Thanks to a just-granted 30-day extension of the public comment period for the NPRM, comments on the NPRM are now due to HHS by January 6, 2016. The ACRG has prepared an unofficial redline of the proposed changes against the existing regulations and a set of decision charts to assist with navigating the proposed changes.

ACRG Rapid Rundown: Six Things You Need to Know

  1. Proposal Applies to U.S. Cooperative Research. The single IRB proposal generally applies to all multi-site research covered by the Common Rule (defined as “cooperative research” in the regulations) that is conducted in the U.S. by institutions located within the U.S. (See discussion of limited exceptions below.) Multi-site projects conducted abroad by U.S. institutions would not need to be reviewed by a single IRB because of concerns that an IRB in the U.S. may not be able to provide adequate evaluation of local conditions in foreign countries that may impact the ethical review. However, a project involving both U.S. and international sites would be subject to the requirement with respect to the U.S. sites. The proposal is not limited to research requiring full review; research eligible for expedited review would also be subject to the requirement. (§ __.114(b)(1).)
  2. Exceptions Would Be Limited. Institutions would not have discretion to choose which projects would be subject to single IRB review. There would be only two exceptions from the application of the requirement in the U.S. One exception would be for research that requires additional (i.e., local) IRB review pursuant to other laws. The main example referenced in the NPRM is an FDA-regulated device trial; with narrow exceptions, the Federal Food, Drug, and Cosmetic Act currently requires review and oversight of device investigations by an IRB local to the site conducting the investigation. The second exception would be for projects with respect to which the federal funding agency (when there is one) determines and documents that use of a single IRB is not appropriate for the research. The NPRM does not elaborate on what criteria agencies would or should use to assess appropriateness. (§ __.114(b)(2).)

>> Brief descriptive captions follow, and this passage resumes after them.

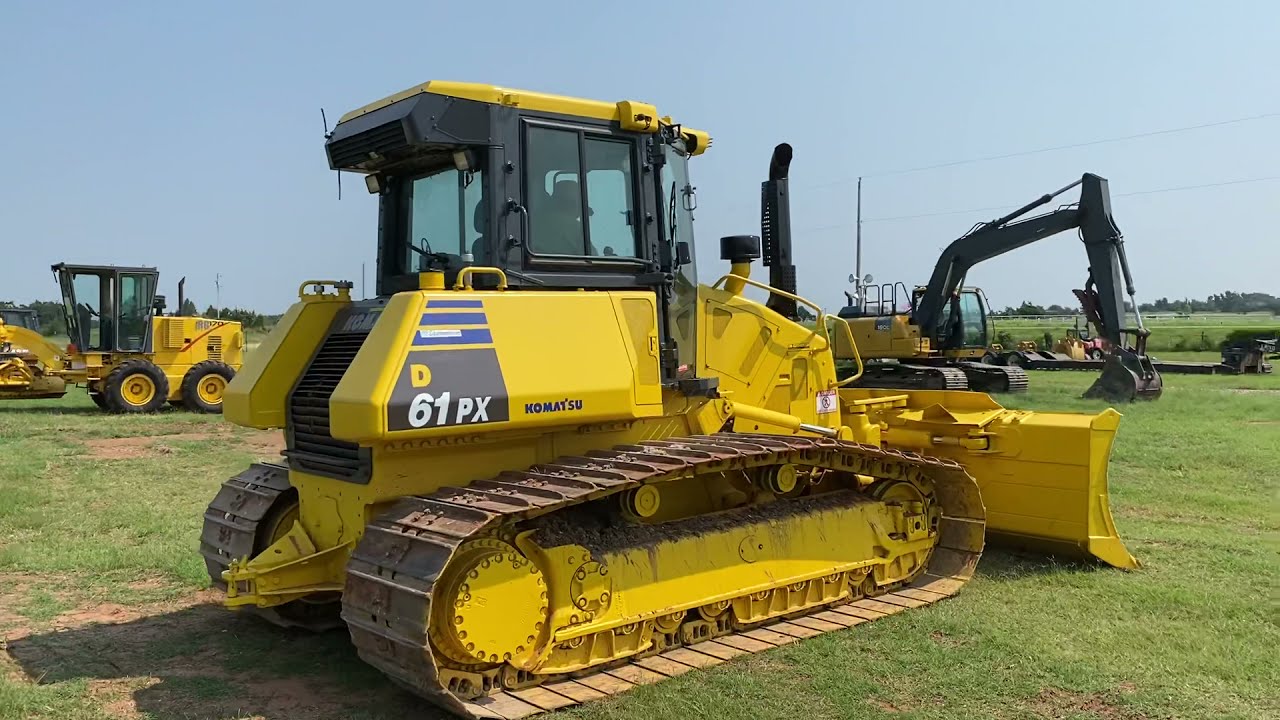 Komatsu D61 Bulldozer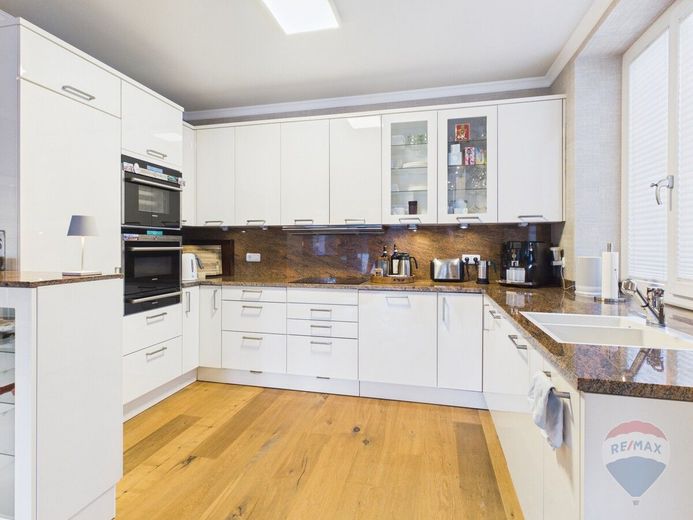 Exklusive 3-Zimmer-Wohnung mit Balkon &amp; Aufzug in gefragter Lage Hamburg – Küche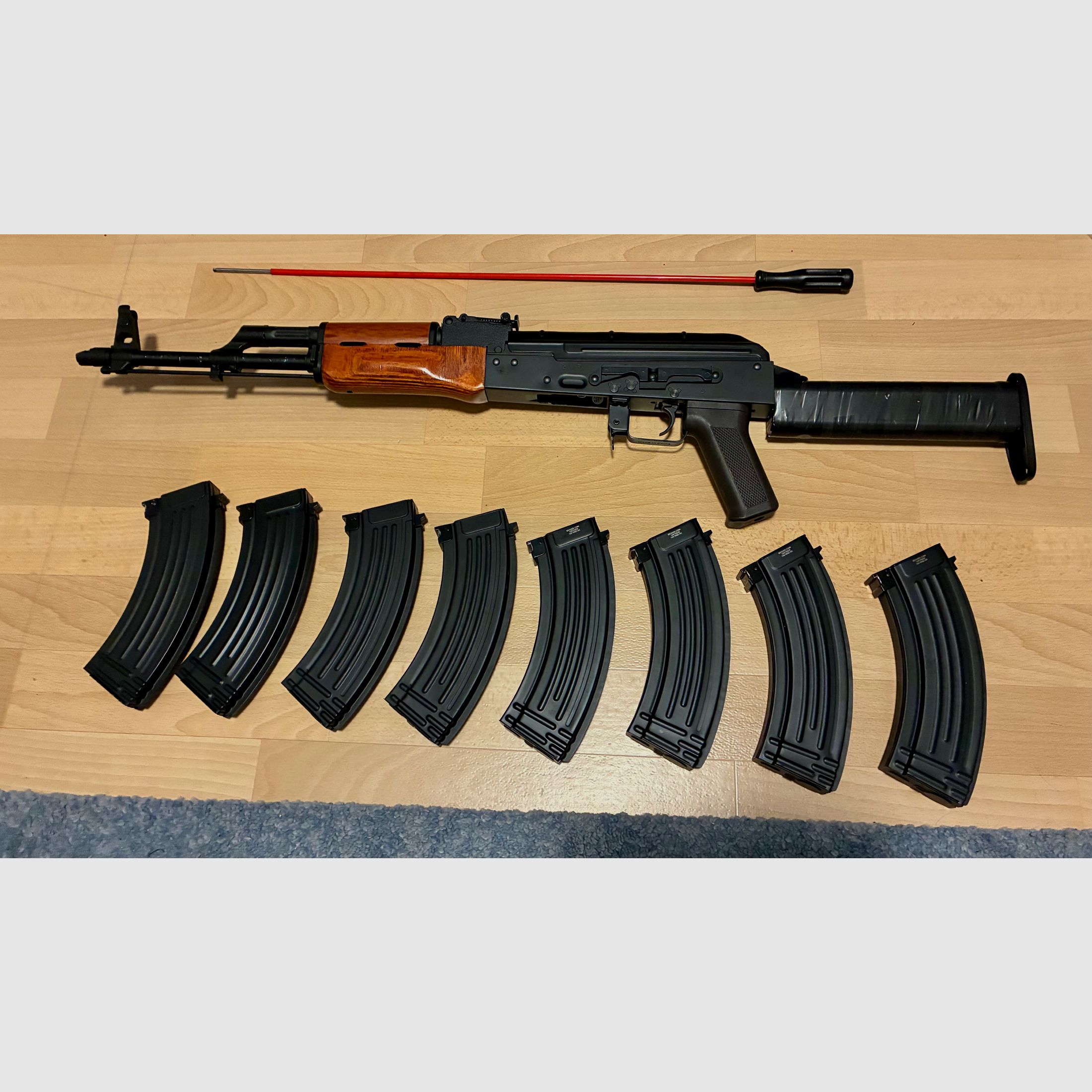 BEGADI AKM GEN-5 SPORT S-AEG Airsoft Softair + 8 Magazine / 11V Akkus, Ladegerät, BBs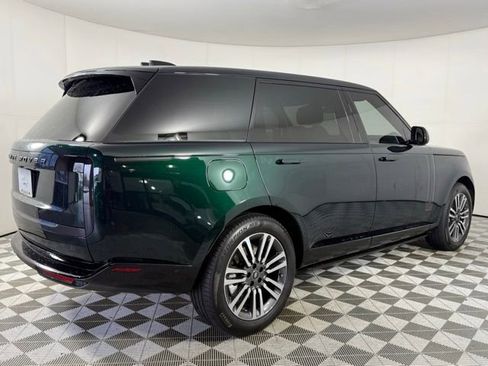 New 2025 Land Rover Range Rover Long Wheelbase SE image 9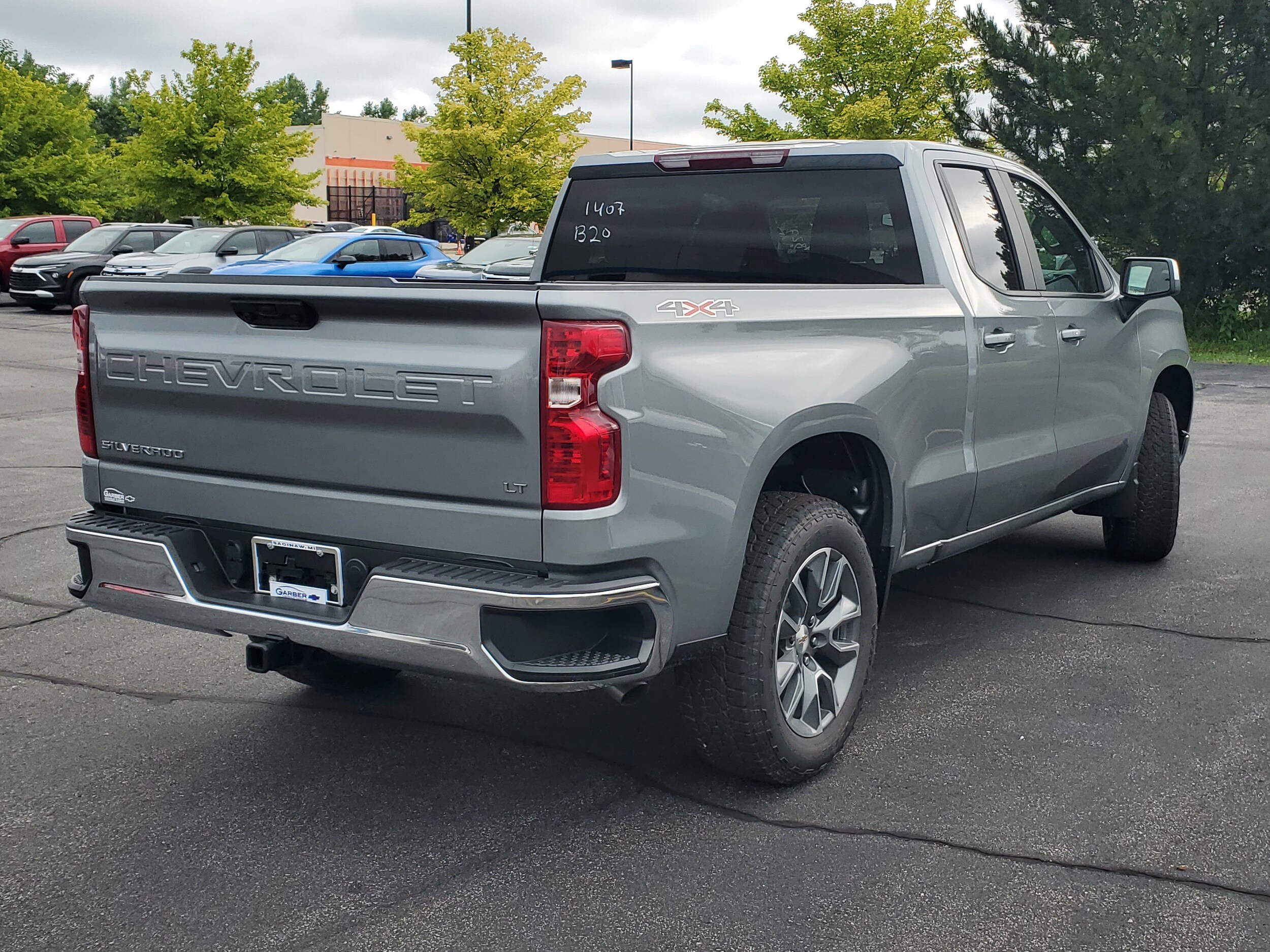 2026 Chevrolet Silverado 1500 LT photo 2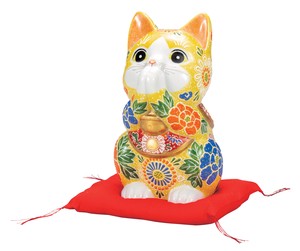 日本の伝統工芸品【九谷焼】 K8-1530 7号お祈り猫 黄盛 布団付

In the absence of either of these two circumstances, an institution would not be able to opt out of single IRB review for a project in the U.S. (except by voting with its feet and deciding not to participate in the project). The commentary in the NPRM notes that nothing in the proposal would prevent an institution from conducting its own additional (i.e., local) IRB review of a project; however, the commentary also makes clear that the local IRB would have no regulatory authority and its review would have no regulatory standing in such instance. Specifically, the local IRB’s review would not be binding on its institution under the regulations, and, importantly, OHRP would not enforce its terms. See 80 Fed. Reg. 53933, 53984 (Sep. 8, 2015). Presumably, an institution could opt, by policy, to continue to vest decision-making authority in its local IRB. However, doing so would present challenges in the event that the local IRB’s requirements conflicted with those of the single IRB (if the single IRB could not approve the local requirements the institution could not participate in the project). And it is, at best, unclear whether OHRP would recognize any authority of a local IRB that was granted by institutional policy.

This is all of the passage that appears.